Clorinde Revient (7)

Le lendemain après-midi, j’ai rassemblé quelques affaires et je me suis rendu « là-bas. » J’ai vérifié que tout était en ordre. J’ai fait, en plusieurs fois, quelques courses de première nécessité. Au hasard de mes allées et venues, j’ai fini par croiser notre voisine de droite. Lydie. C’est une petite frisée aux cheveux courts et aux yeux clairs. L’air sympa. Elle m’a lancé un rapide bonjour et s’est très vite engouffrée chez elle. Moi aussi.
Et j’ai attendu Clorinde.

Qui a jeté un long regard tout attendri autour d’elle.
- On en a passé des sacrés bons moments ici, hein, n’empêche !
- Et on en passera d’autres.
- J’espère bien.
Elle est allée jusqu’à la fenêtre.
- Ça me fait tout drôle d’avoir l’hôtel juste en face comme ça, maintenant que j’y travaille. Derrière chaque fenêtre je sais quelle chambre c’est. Si elle est occupée ou pas. Et par qui. Comment ça va nous rajouter du piment quand on y jettera un œil !
Elle est restée un long moment à observer la façade, assise sur le radiateur.
- Comment j’aime ça, regarder ! De plus en plus. Mais quand même, mon truc préféré ça reste, et de loin, de leur faire de l’effet, aux types. Je l’ai bien vu, ce matin, au petit déjeuner, chambre 212. Elle m’attendait, la femme. Elle a attaqué, bille en tête. « Tu nous as manqué ces derniers jours, tu sais ! » Lui, il était pas là. Encore dans la salle de bains, sûrement. « Ça t’a plu de nous regarder ? » J’ai pas dit oui. J’ai pas non plus dit non. J’ai rien dit. « Ben oui que ça t’a plu ! Évidemment que ça t’a plu. Tu prétendrais le contraire… Et à nous aussi ça nous a plu de t’avoir là, à nous regarder. Beaucoup. Alors le mieux maintenant, ce serait d’arrêter de faire semblant, non, tu crois pas ? Mais pose-moi donc ce plateau. T’en es tout encombrée. Là-bas, sur la petite table, près de la fenêtre. » Et elle a appelé. « Jérôme ! Tu viens ? Elle est là. » Il était encore à poil. Comme la fois d’avant.
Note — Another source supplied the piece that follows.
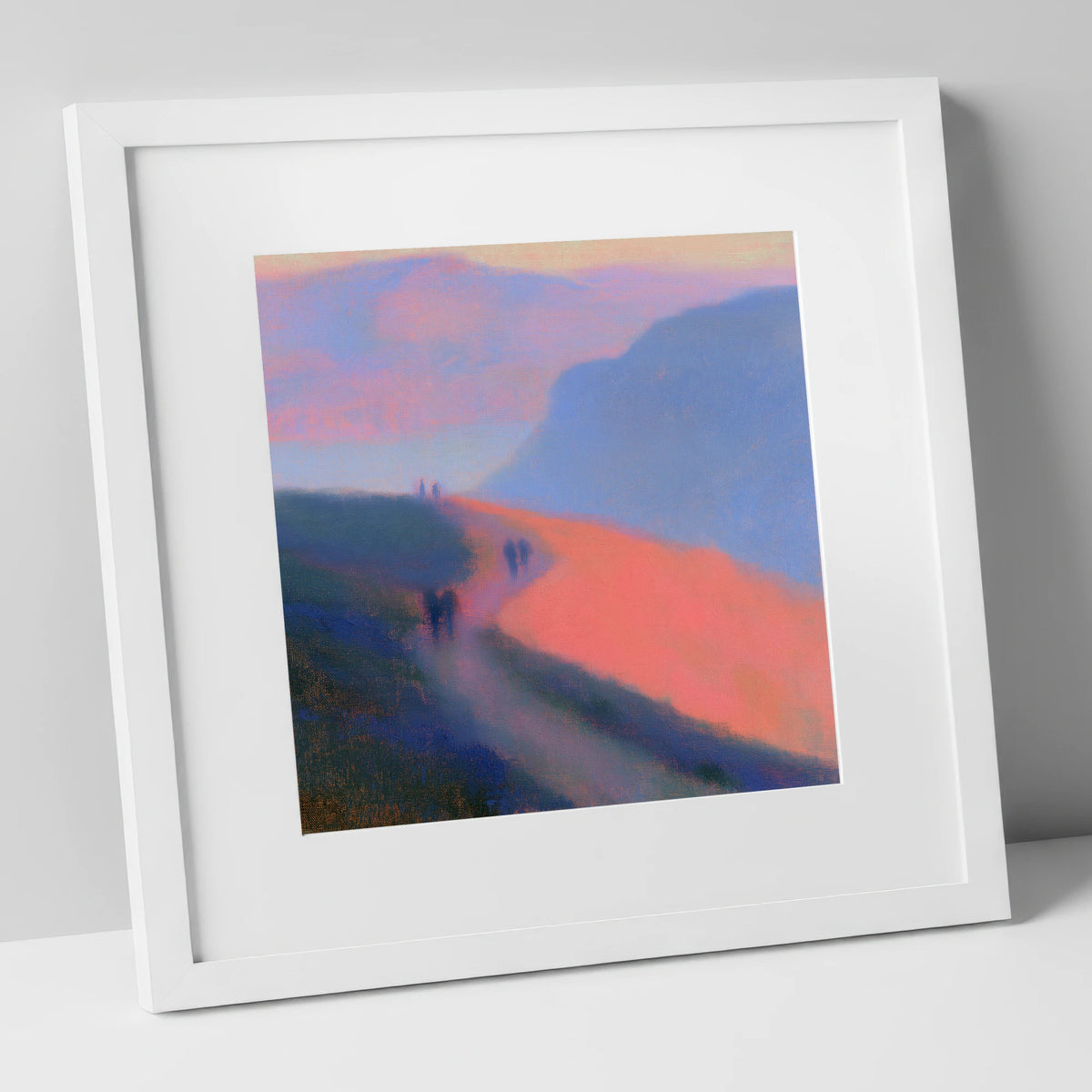 Twilight Walkers on a Fell Path lake district walking art print in white frame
Tout dressé. Il m’a jeté un rapide coup d’œil et il l’a rejointe.
- Et toi, t’es restée.
- Oh, ben oui, attendez ! Oui. Et alors, mais que je vous raconte ! Il était debout, tourné vers moi, et elle, elle s’est agenouillée. Elle l’a pris dans sa bouche. Goulûment. Très vite il a commencé à gémir. Il a mis ses mains dans ses cheveux et il lui a lentement pétri la tête. Avec un regard, mais un regard ! Qui était sur moi. Qui m’implorait, moi. C’était pour moi qu’il voulait jouir. Et alors vous savez ce que j’ai fait ? Ça me remuait trop de le voir. J’ai déboutonné mon pantalon. Je l’ai descendu à mi-cuisses. Et puis le string. Son plaisir est aussitôt venu, les yeux sur ma chatte, des yeux de fou. Et il a grogné, mais grogné ! Ça arrêtait pas. Et… « Merci. Oh, merci. » À elle autant qu’à moi. Mais surtout à moi.
- Vu le tour que ça prend tout ça, demain…
- Oui, ben rien du tout demain. Ils sont partis à onze heures. Ils ont quitté l’hôtel.
- Ils reviendront peut-être.
- Et puis peut-être pas. Ça fait rien n’importe comment. Il y en aura plein d’autres, des occasions. Mais maintenant de toute façon cap sur Stephen, celui de la 342. Il m’agace, celui-là, mais il m’agace, vous pouvez pas savoir, à faire comme si j’existais pas.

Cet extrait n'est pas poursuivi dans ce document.